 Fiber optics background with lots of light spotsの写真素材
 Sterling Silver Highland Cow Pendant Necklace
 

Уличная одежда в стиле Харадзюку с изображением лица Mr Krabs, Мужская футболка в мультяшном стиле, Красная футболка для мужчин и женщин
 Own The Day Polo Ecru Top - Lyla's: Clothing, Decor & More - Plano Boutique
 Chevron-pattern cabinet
...
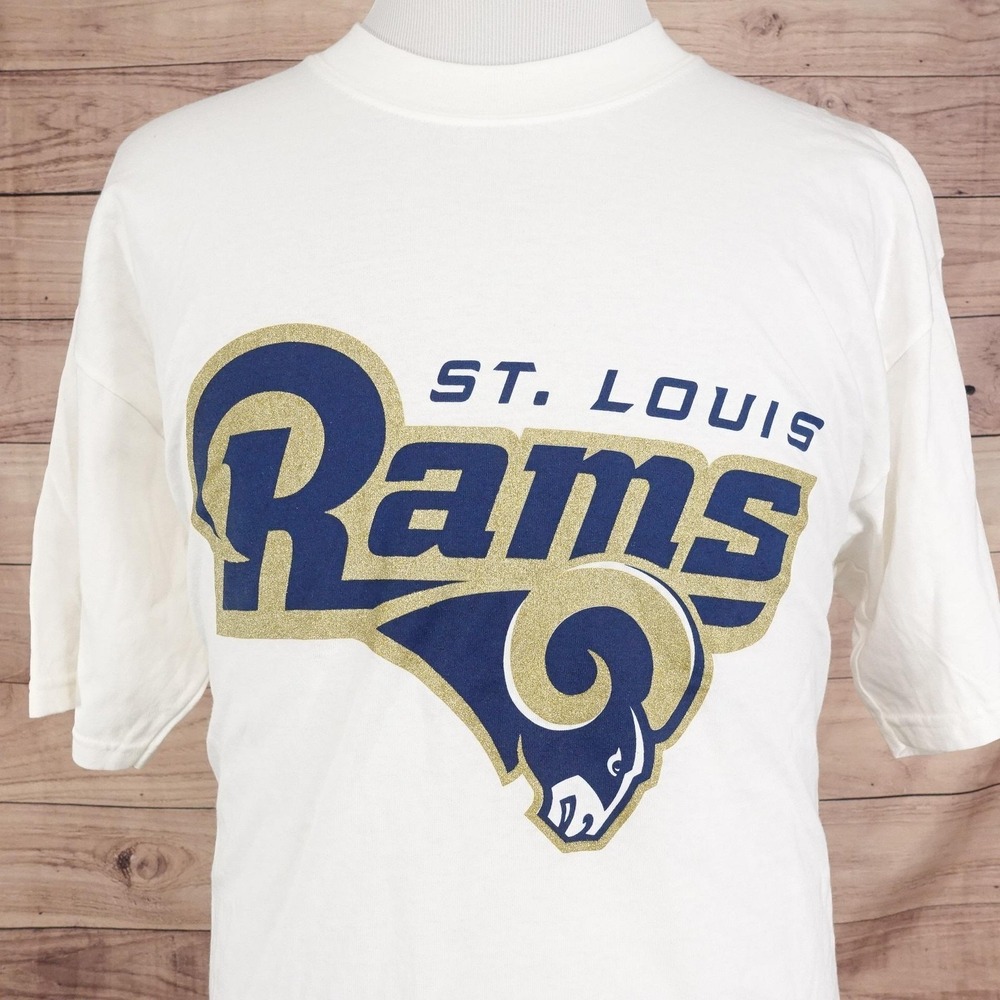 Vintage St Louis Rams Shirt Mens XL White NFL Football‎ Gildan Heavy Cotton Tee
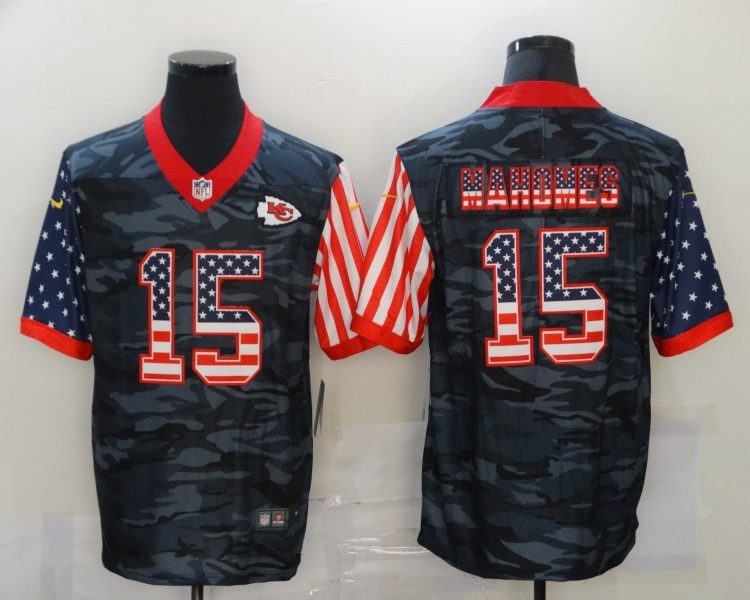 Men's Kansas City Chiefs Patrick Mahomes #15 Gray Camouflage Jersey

**Brief**:
Retype, in the same exact form, the lines of the material above from the line holding "Fiber optics background" through the line holding "Chevron-pattern cabinet".

**Response area**:
 Fiber optics background with lots of light spotsの写真素材
 Sterling Silver Highland Cow Pendant Necklace
 

Уличная одежда в стиле Харадзюку с изображением лица Mr Krabs, Мужская футболка в мультяшном стиле, Красная футболка для мужчин и женщин
 Own The Day Polo Ecru Top - Lyla's: Clothing, Decor & More - Plano Boutique
 Chevron-pattern cabinet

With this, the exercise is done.